I have an odd relationship with nature and landscape writing. Naming, as any poet will tell you—I remember Carol Ann Duffy saying something to this effect—is a powerful thing. Through their parts or as wholes, names set off small semantic explosions in the mind of the reader as well as serving to anchor poetic abstraction in places, things, and people. Clive James’s Japanese Maple, Alice Oswald’s Severn, Heaney’s Mossbawn, miscellaneous Wordsworth: each by its naming puts out little tendrils which hold the world close. That, I think, is what I find attractive about writing on place, nature, landscape, and wildlife: its naming and exploration of things named.

Yet, this interest can feel like bad faith. It is because I am so poor at naming plants, birds, trees, and landscape—chalk hills? Clay? Limestone?—that I find this writing so fascinating, so enchanting. Of course, the history and human relationships bound up in landscape and wildlife are deeply interesting, and I love good writing about them; but, nonetheless, it is the power of naming, built on a way of perceiving I lack that lies at the heart of my worry.

Such writing has for me something of the allure of fantasy or science fiction: the exploration and evocation of another world, where most of the world-building has been taken care of by history and the environment, though interpretation and projection by the writer certainly has its part to play. Writers who can draw on language and knowledge I’ve never known or which seems to vanish as soon as I hear it. (Expressed in a rather flippant poem—but the anxiety is more substantial.) Roger Deakin wanders about discussing blackthorn, coppicing, insects, beetles, and really rather a large variety of birds; Robert Macfarlane springs up and down hills, across moors and tidal pathways, with a dictionary in tow: that’s how it feels anyway. Helen Macdonald and J. A. Baker name the birds and understand the goshawk and peregrine. I struggle to remember the difference between blue tits and great tits, ash and bay, which hills are where and what they are made of. (I’m beginning to grasp the South Downs.)
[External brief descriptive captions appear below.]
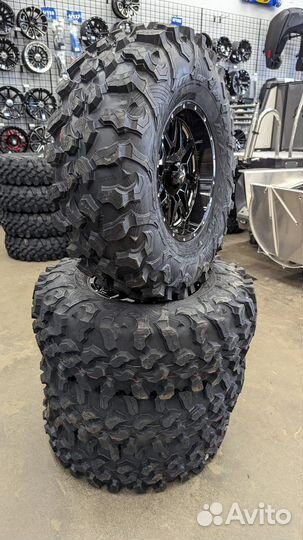 Комплект новых шин maxxis carnivore 32x10r14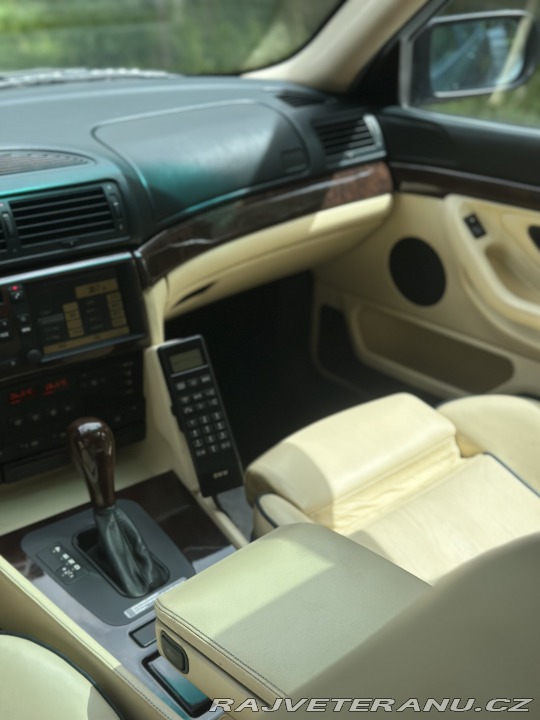 BMW 7 Alpina B12 E38 1997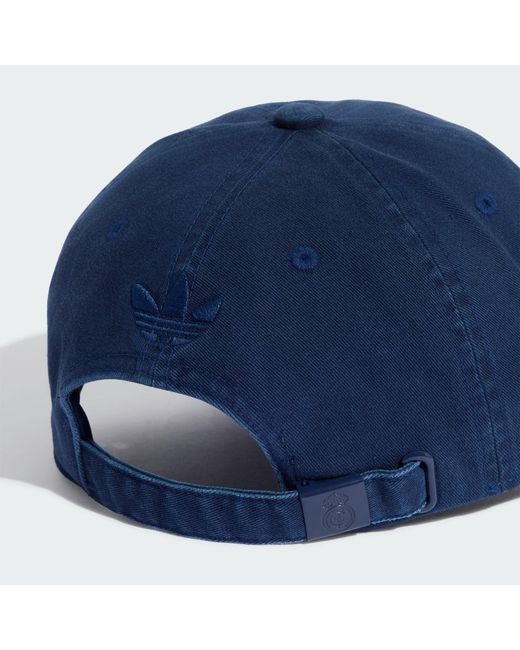 Adidas Blue Real Madrid Dad Cap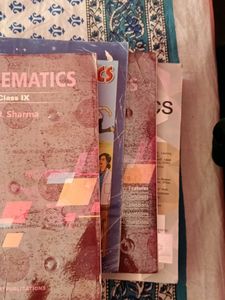 Class IX Mathematics Books Set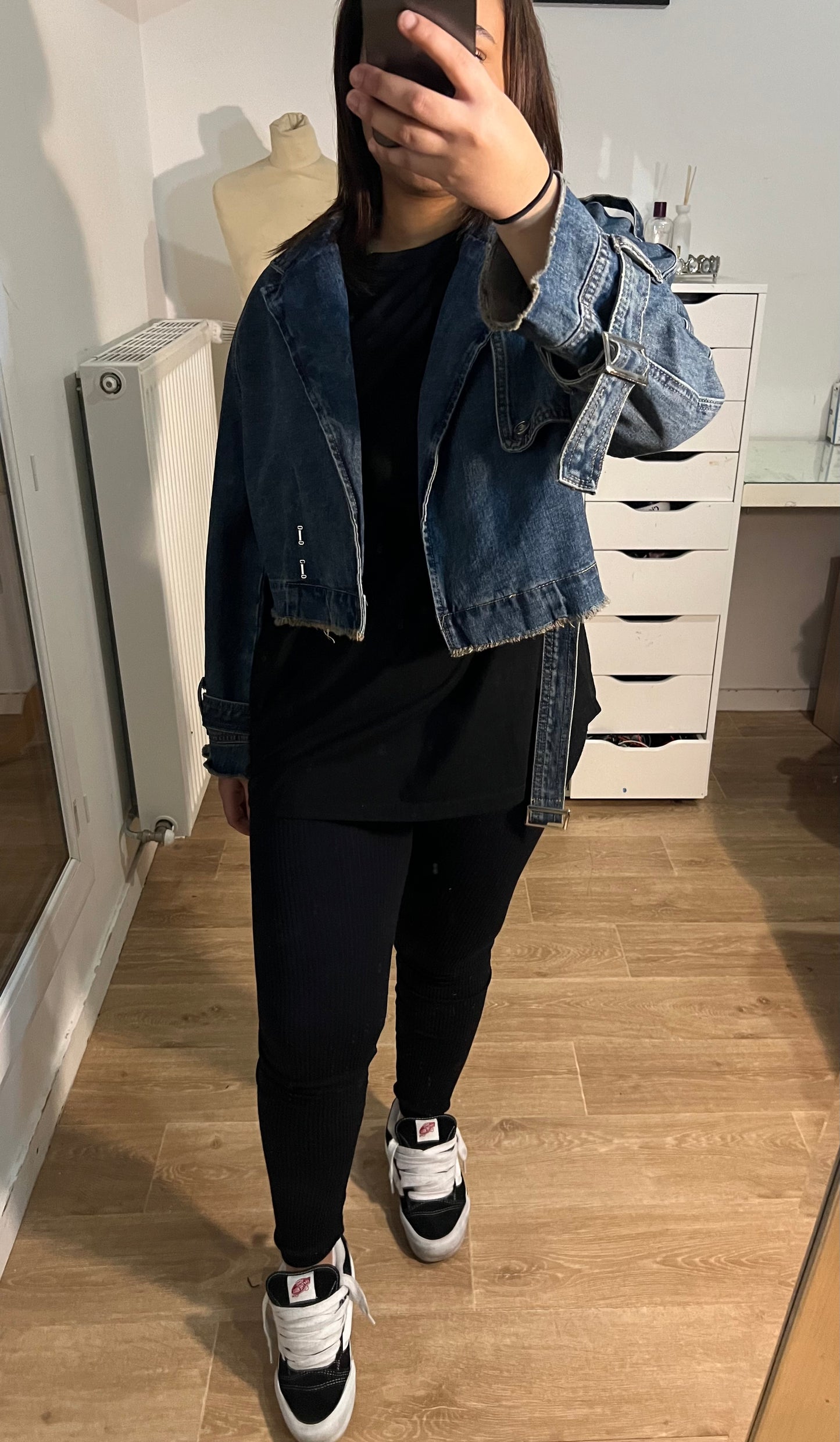 Veste en jean Elona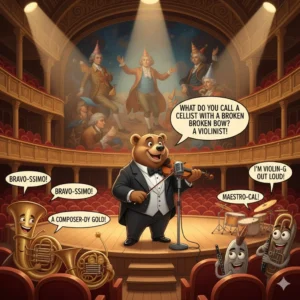 classical musician jokes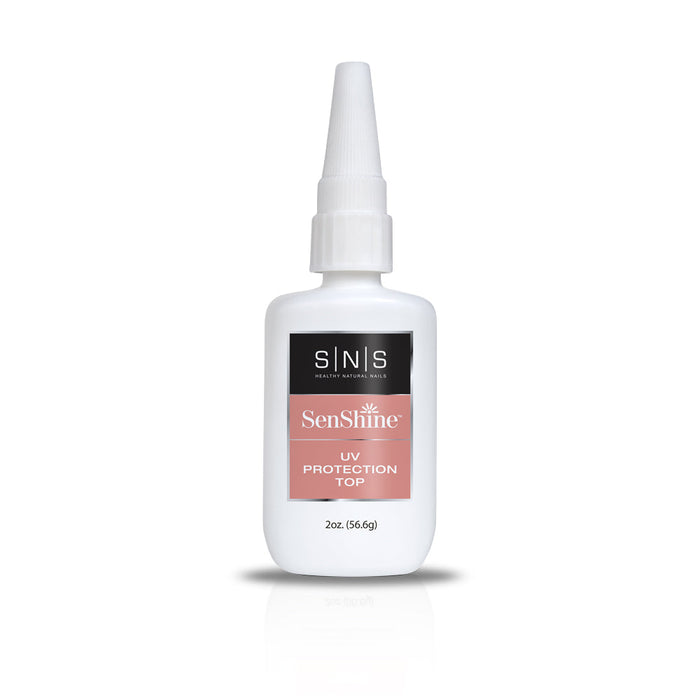 SNS Dipping Liquid, SENSHINE Refill, Step 04, UV PROTECTION TOP, 2oz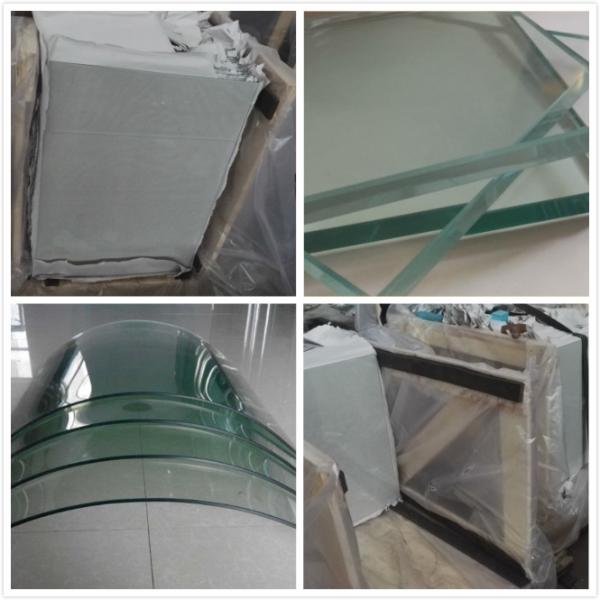 Buy cheap Fireproof Tempered Safety Glass Curved Bending for Fridge Door from wholesalers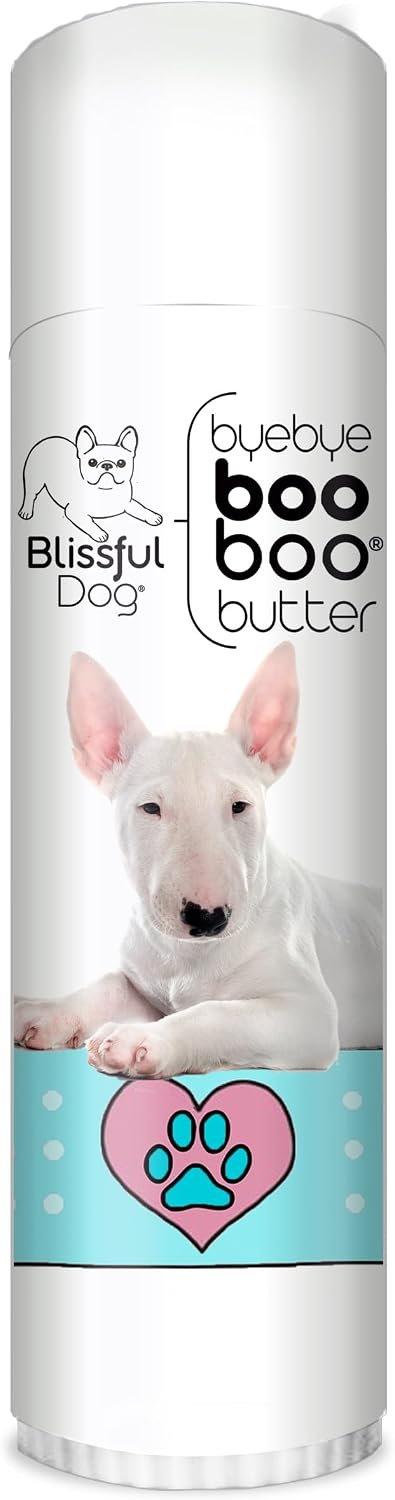 The Blissful Dog Bull Terrier Booboo Butter - 15g Tube - görsel 1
All of this bothers me because each of these writers hints at a way of perceiving that feels lost. If you can name things you can understand the relations between them—and vice versa—and that understanding can penetrate your perception of the environment and its history. This capacity enchants me as a mystery does: like a magic trick, I can’t see how it’s done, although I can think it impressive or beautiful: the bad faith worry stems from the sense that—as with the magic trick—learning how its done might lead to disenchantment. I don’t think that would happen; in fact, I expect it would be quite the reverse. Acquaintance would enrich rather than diminish, because naming and understanding aren’t sleights.

In order to deepen my acquaintance I’m going to be reading the Thwaites Wainwright Prize shortlist over the next few weeks. I’ve read the wonderful H is for Hawk already—and you really must—and the rest of the shortlist is a cross-section of the kind of writing I’ve been considering: place, people, wildlife, and their histories and crossings. I’m starting with Meadowland: The Private Life of an English Field by John Lewis-Stempel in my attempt to move beyond all that undifferentiated green.

  • Running Free: A Runner’s Journey Back to Nature, Richard Askwith (Vintage/Yellow Jersey).
  • The Moor: Lives Landscape Literature, William Atkins (Faber & Faber).
  • Claxton: Field Notes from a Small Planet, Mark Cocker (Vintage).
  • Meadowland: The Private Life of an English Field, John Lewis-Stempel (Transworld).
  • H is for Hawk, Helen Macdonald (Vintage).
  • Rising Ground: A Search for the Spirit of Place, Philip Marsden (Granta).